Module launcher pyobs
The pyobs command runs a single module. A typical command for running pyobs simply defines a configuration file:
pyobs config.yaml
Parameters
The command accepts the following optional parameters:
- -h/–help:
Shows the help for the pyobs command.
- –log-level <level>:
One of critical, error, warning, info, debug. Indicates the level of logging.
- -l/–log-file <file>:
If provided, in addition to logging to stdout, the log is also written to the given file.
- –log-rotate:
Only valid in combination with -l/–log-file.
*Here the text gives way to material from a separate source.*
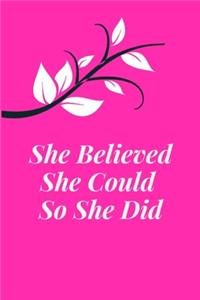 she believed she could so she did pink notebook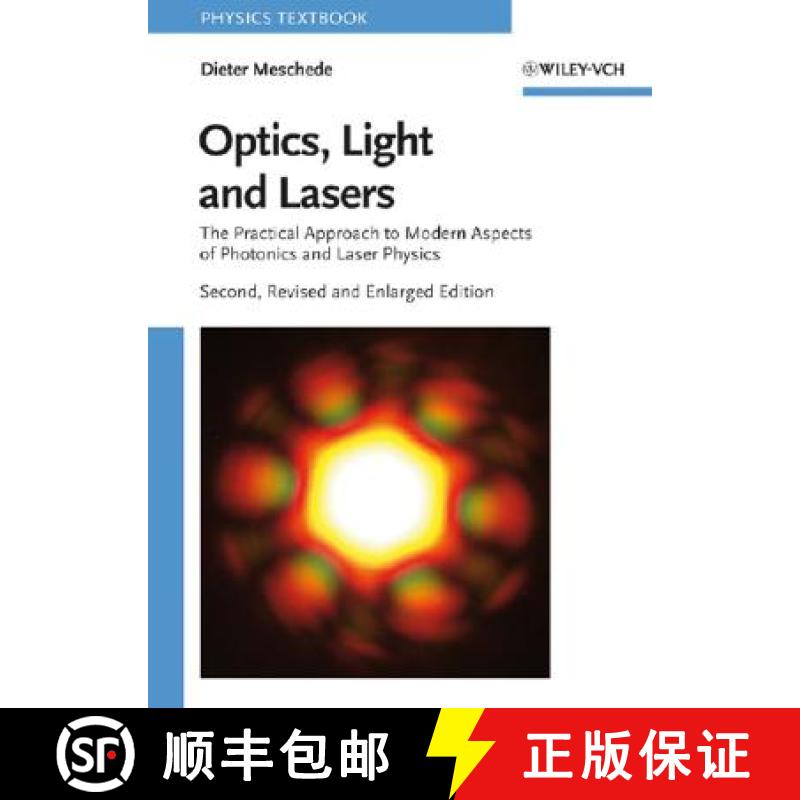 【2-3周达】Optics, Light And Lasers - The Practical Approach To Modern Aspects Of Photonics And Laser... [9783527406289]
Requests an automated rotation of log files to avoid large files.
- –syslog:
If given, log messages are also sent to the systemd journal, tagged with the module name.
- -p/–pid-file <file>:
If given, pyobs writes its process ID into the given file and starts in the background.
- –gui:
Shows an additional GUI, which is especially useful under Windows, where a graceful exit is otherwise impossible.
- –username <username> and –password <password>:
Username and password for connecting to the central server can be provided here as well as in the given config or in environment variables.
- –server <host:ip>:
If the server to connect to cannot be inferred from the username, another one can be specified as <host>:<ip>.
- –comm <type>:
The Comm type to use, if –username and –password are provided on command line. Must be xmpp at the moment.
Username and password
There are three different ways for providing a server connection:
Provide it in the config YAML file. It then should have a section like this:
comm: class: pyobs.comm.xmpp.XmppComm jid: test@example.com password: topsecret
Use the –username and –password command line parameters.
Provide the username and password in the environment variables PYOBS_USERNAME and PYOBS_PASSWORD, respectively. The server can be defined via PYOBS_SERVER.
pyobsd daemon
The pyobsd command can automatically start and stop multiple modules, if their configuration files are all stored in a single directory.
Commands
There are four basic commands:
- pyobsd start:
A call to pyobsd start starts modules from every single configuration YAML file it can find. Every additional parameter limits this to the given module, i.e. pyobsd start camera only starts the camera module with aconfiguration in camera.yaml.
- pyobsd stop:
Works the same way as pyobsd start, but stops the modules.
- pyobsd restart:
The restart command is equivalent to calling first stop and then start
- pyobsd status:
Gives an overview of detected configuration files and started modules.
CLI Parameters
The command accepts the following optional parameters:
- -h/–help:
Shows the help for the pyobs command.
- -c/–config-path <path>:
Defines the path in which to look for configuration files, defaults to /opt/pyobs/config.
- -r/–run-path <path>:
Defines the path in which to store PID files, defaults to /opt/pyobs/run.
- -r/–run-path <path>:
Defines the path in which to store log files, defaults to /opt/pyobs/log.
- –log-level <level>:
One of critical, error, warning, info, debug. Indicates the level of logging.
- –syslog:
If given, forwards –syslog to every started module, so their log messages are also sent to the systemd journal.
- –chuid <user>:<group>:
Switches user to the given user in the given group when starting/stopping a module, defaults to pyobs.
- –start-stop-daemon <path>:
The path to the start-stop-daemon executable, defaults to /sbin/start-stop-daemon.
Note that none of the pathes have to be defined, if the recommended path structure is used.